Problem requirements: I need the lines from the one holding "Mocasín Clásico de Ante Azul Berry" to the last line of the data below repeated exactly, both included, without pictures.

Dataset excerpts
----

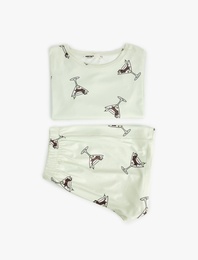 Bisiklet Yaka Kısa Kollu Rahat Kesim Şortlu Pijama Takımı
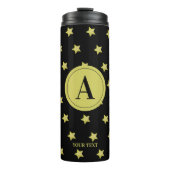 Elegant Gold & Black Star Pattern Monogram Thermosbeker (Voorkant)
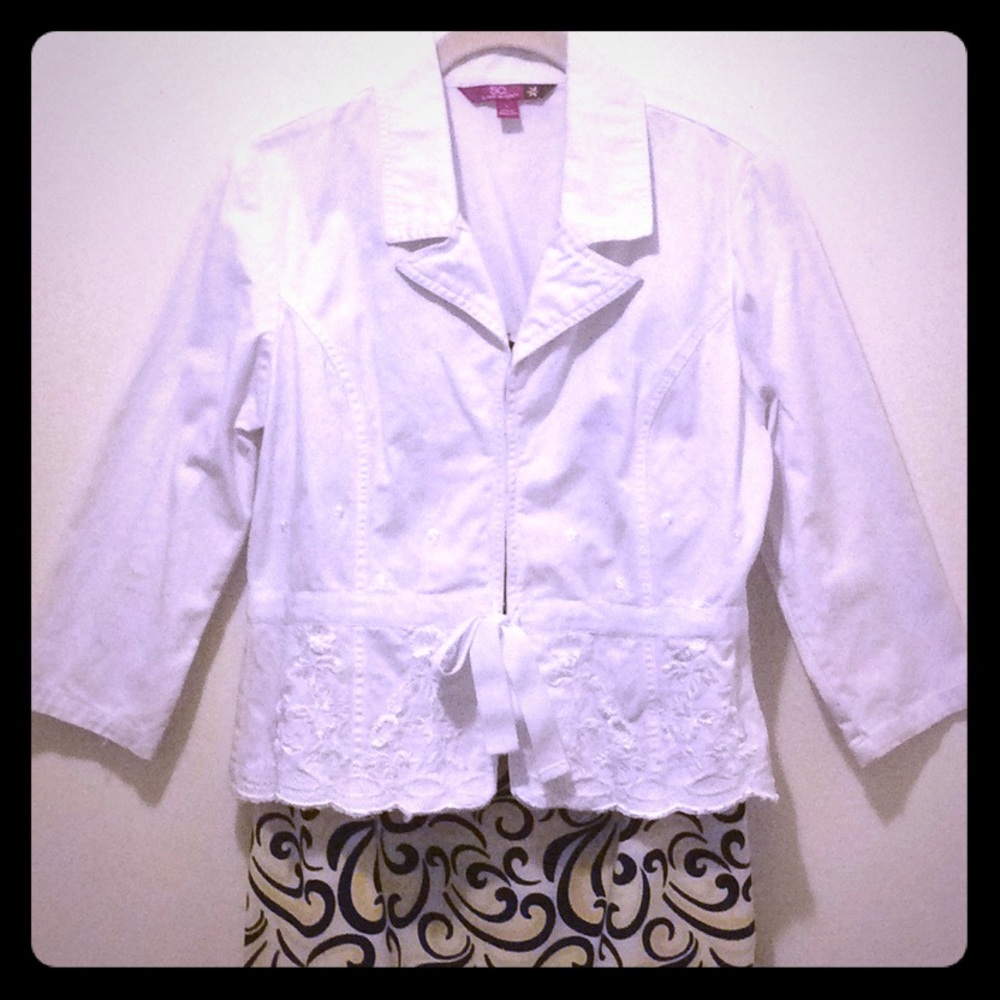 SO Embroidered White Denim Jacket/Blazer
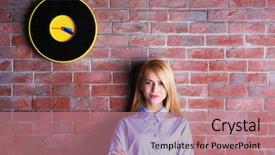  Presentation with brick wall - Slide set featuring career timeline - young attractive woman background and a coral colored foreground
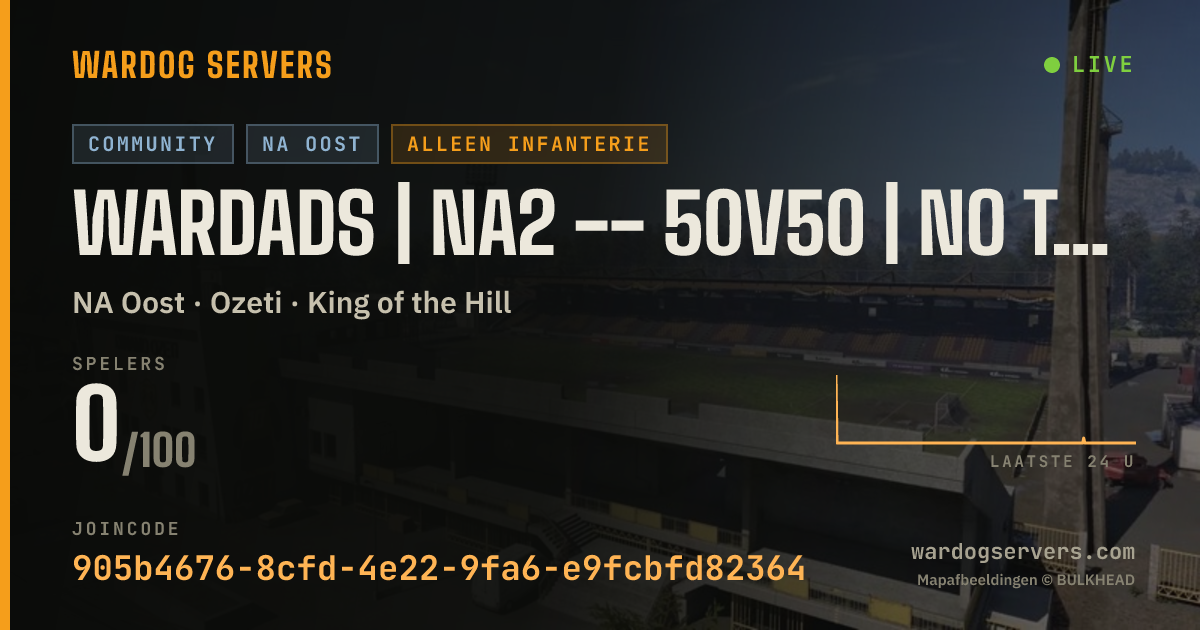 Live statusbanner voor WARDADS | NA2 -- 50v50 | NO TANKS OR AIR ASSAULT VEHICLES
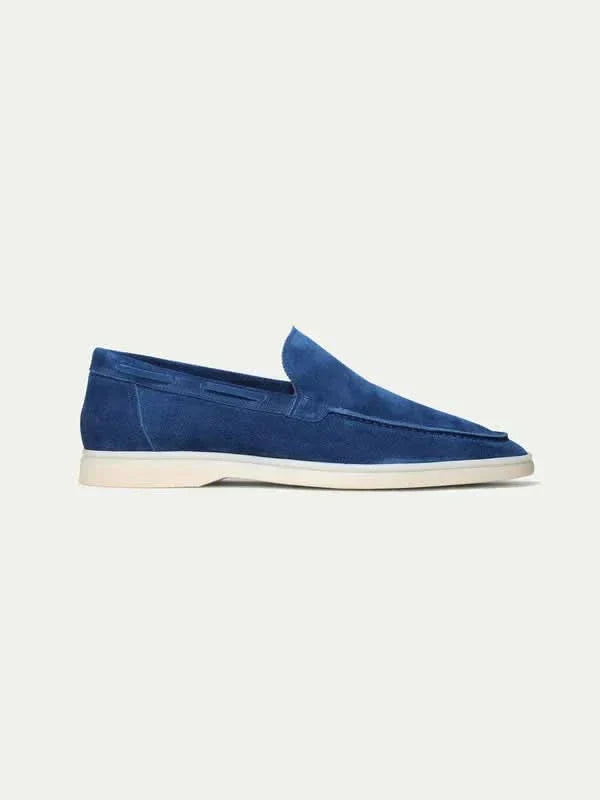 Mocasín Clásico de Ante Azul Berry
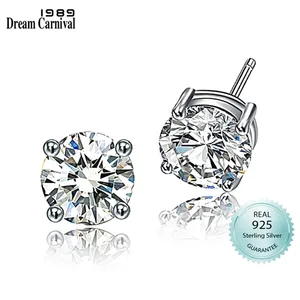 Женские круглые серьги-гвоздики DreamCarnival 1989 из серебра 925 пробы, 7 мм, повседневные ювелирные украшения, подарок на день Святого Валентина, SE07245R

----

Exercise result:
 Mocasín Clásico de Ante Azul Berry
 Женские круглые серьги-гвоздики DreamCarnival 1989 из серебра 925 пробы, 7 мм, повседневные ювелирные украшения, подарок на день Святого Валентина, SE07245R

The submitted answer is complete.